### EXERCISE INSTRUCTIONS
Only the lines from the one with "this 845×633 image." to the end of the records are wanted, each repeated exactly, both ends included.

DATA FOR THIS EXERCISE START

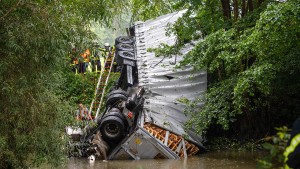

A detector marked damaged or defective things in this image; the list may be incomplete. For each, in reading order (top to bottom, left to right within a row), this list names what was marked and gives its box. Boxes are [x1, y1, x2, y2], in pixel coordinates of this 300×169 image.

overturned truck [67, 10, 206, 160]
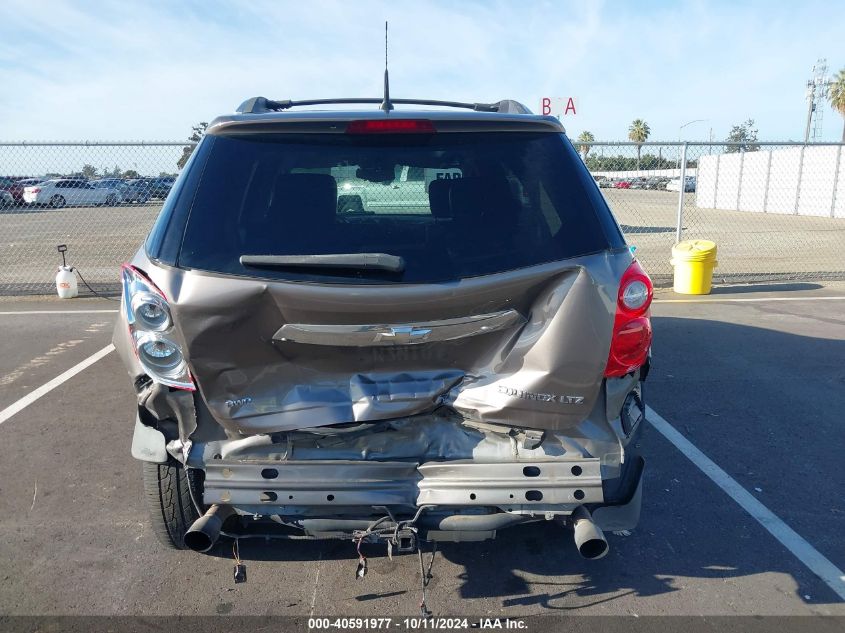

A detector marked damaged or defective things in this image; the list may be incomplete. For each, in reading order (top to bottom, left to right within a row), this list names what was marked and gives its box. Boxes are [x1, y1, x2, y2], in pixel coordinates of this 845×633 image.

broken tail light [120, 262, 196, 390]
damaged chevrolet equinox [113, 95, 652, 564]
broken tail light [604, 260, 656, 378]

DATA FOR THIS EXERCISE END

### WRITTEN ANSWER
A detector marked damaged or defective things in this image; the list may be incomplete. For each, in reading order (top to bottom, left to right within a row), this list names what was marked and gives its box. Boxes are [x1, y1, x2, y2], in pixel coordinates of this 845×633 image.

broken tail light [120, 262, 196, 390]
damaged chevrolet equinox [113, 95, 652, 564]
broken tail light [604, 260, 656, 378]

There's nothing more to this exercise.